Bunun ekonomi düzlemindeki yanıtı, hanehalklarının da tıpkı kamu ekonomisi ve şirketler kesimi gibi yüksek bir borçluluk içine girerek gelecekten tüketmeleridir. Hanehalkı borcu 2003'te MG'in yüzde üçü kadar bir büyüklükteyken, bu oran 2013'e gelindiğinde yüzde 23,8 olmuştur! Bu, bütün gelir aşınmalarını fazlasıyla telafi eden, hatta fazladan harcama kapasiteleri yaratan bir gelir/borç akımı olmuştur. Böylece hanehalkı harcanabilir geliri 2003'te MG'in yüzde 7,5 düzeyindeyken, 2013'te MG'in yüzde 55,2'sine kadar tırmanabilmiştir. İşte AKP'nin kitlelerin gözünde yarattığı ekonomik mucize algısı budur. İçerde tasarruf oranları sürekli gerilerken tüketim oranları yükselmiş, bu tüketimin giderek artan bir bölümü de -ucuzlayan dövizin de katkısıyla- ithalattan elde edilmiştir. Kitleler sahte bir refah algısı içine sokulmuştur.

Şimdilerde döviz kurunun yükselmesi, yüksek borçluluk düzeyinin hanehalkı bütçelerini kemirmesi bu algıyı kısmen silmektedir ama her birey/aile borçlanmasının sorumluluğunu izlenen ekonomik politikalara değil de kendi kararlarına atfettiği için bu algının kırılması zaman alacaktır.

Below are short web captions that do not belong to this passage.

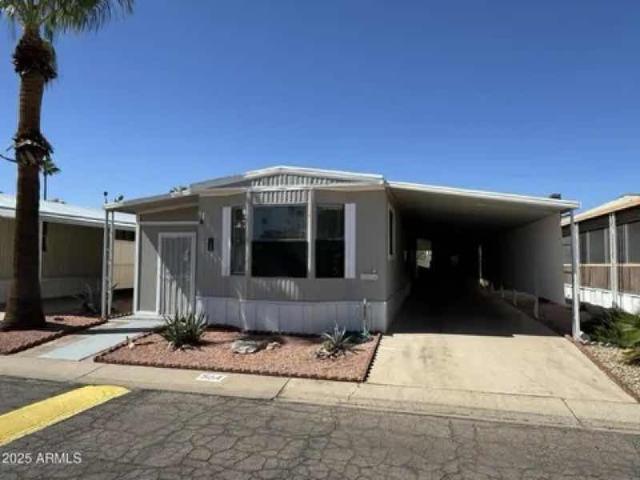 1983 Palm Harbor Single Wide - single wide - in Mesa, AZ - photo 2 of 15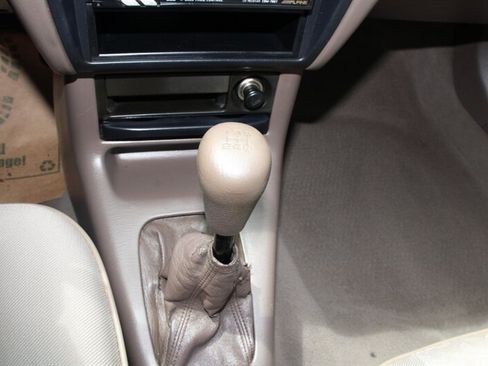 Used 1997 Toyota Tercel Coupe FWD image 8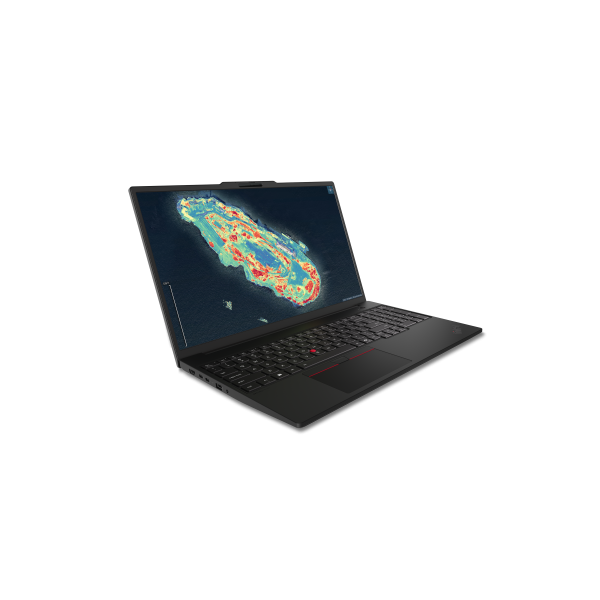 Lenovo ThinkPad P16s Gen 5 (AMD) AMD Ryzen AI 7 450 Workstation mobile 40,6 cm (16") WUXGA 32 GB LPDDR5x-SDRAM 1 TB SSD Wi-Fi 7 (802.11be) Windows 11 Pro Italiano Nero [21XG001RIX]
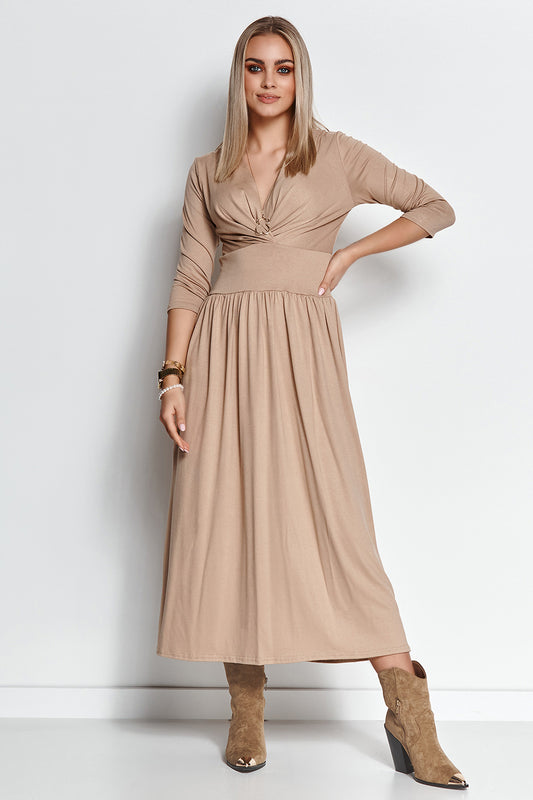 Beige Daydress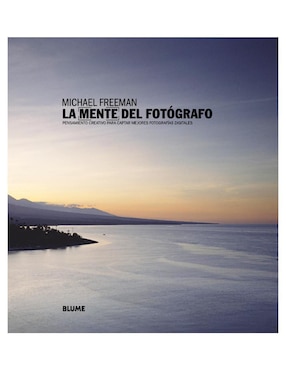 Libro La Mente del Fotógrafo de Michael Freeman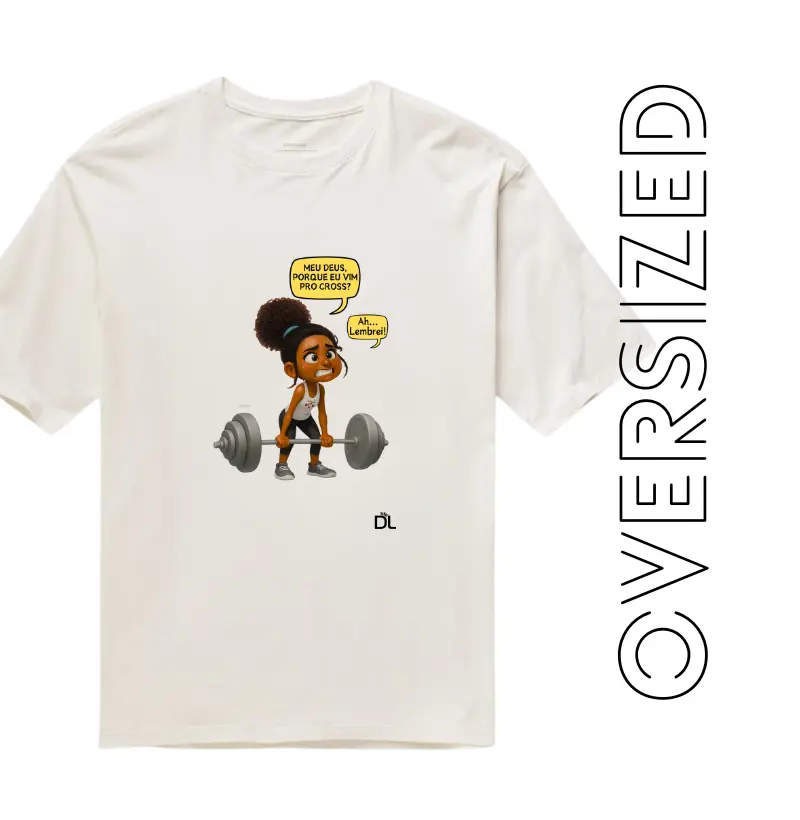 Meu Deus porque eu vim pro Cross 2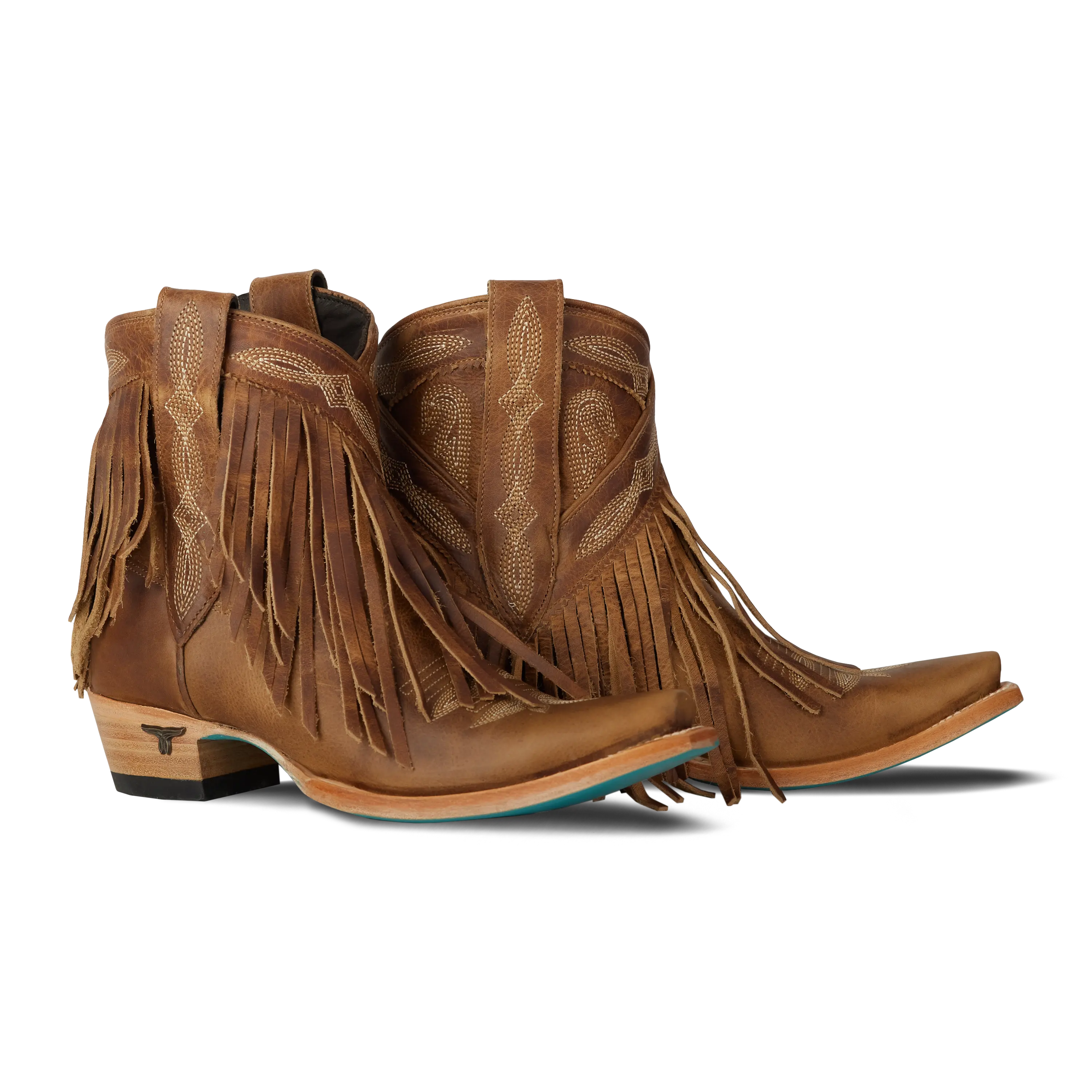 Senita Falls Bootie - Desert Clay **Final Sale**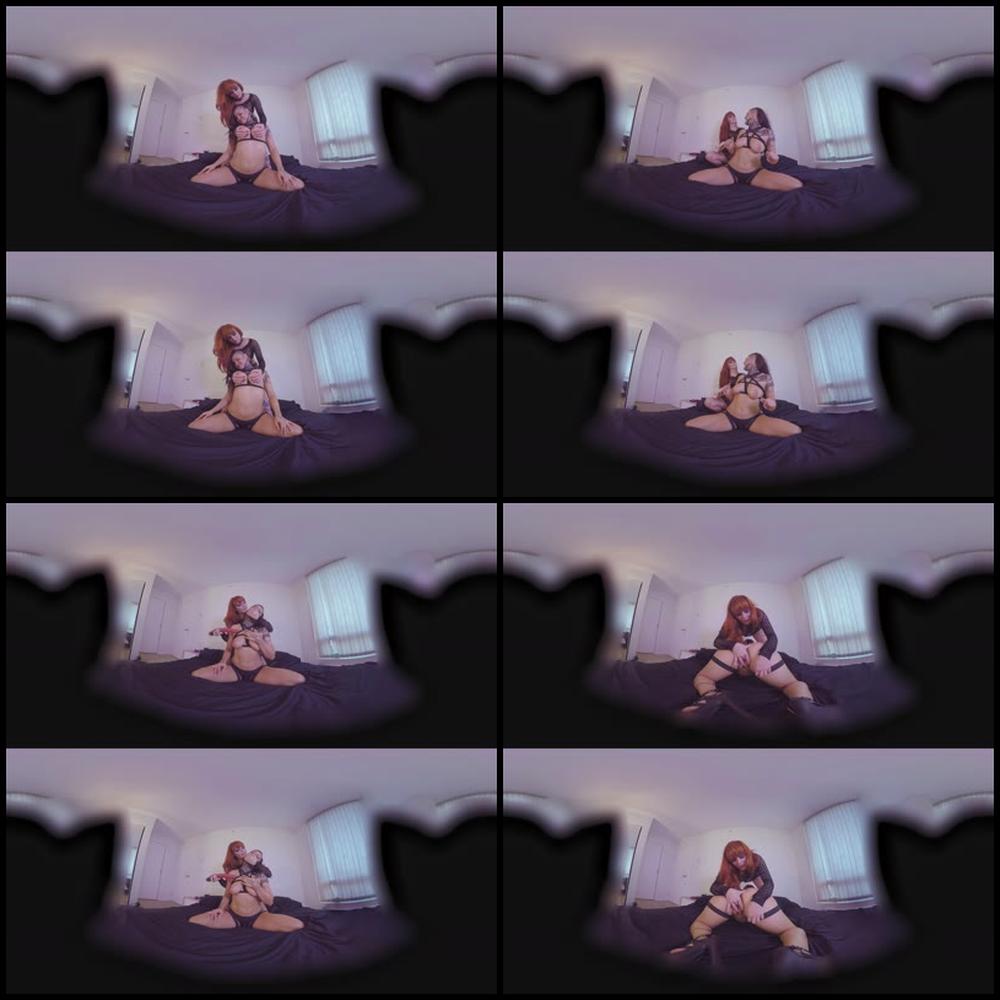 Howtotrainyourfucktoy Hologirlsvr Oculus 3Dv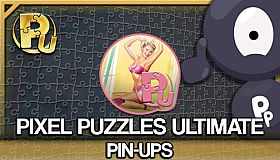 Jigsaw Puzzle Pack - Pixel Puzzles Ultimate: Pin-Ups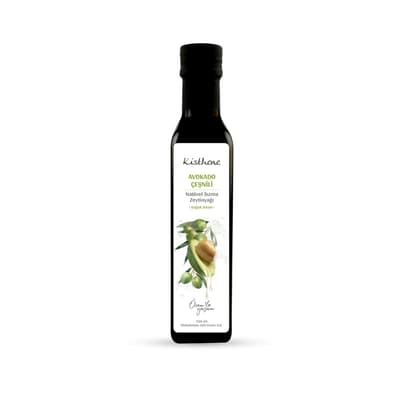 Kisthene Avokado Çeşnili Zeytinyağı 250 ml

AKP'nin hâkim parti konumuna gelmesinin kuşkusuz iktisat-dışı etkenlerini, özellikle de 12 Eylül darbesinin etkileriyle kitlelerin aşıra sağa meyletmesinin AKP ile yeni bir ivme kazanmasını, köylülüğün ideolojik zemininin hızlı bir dönüşüme tâbi tutulamamasını da hesaba katmak gereklidir.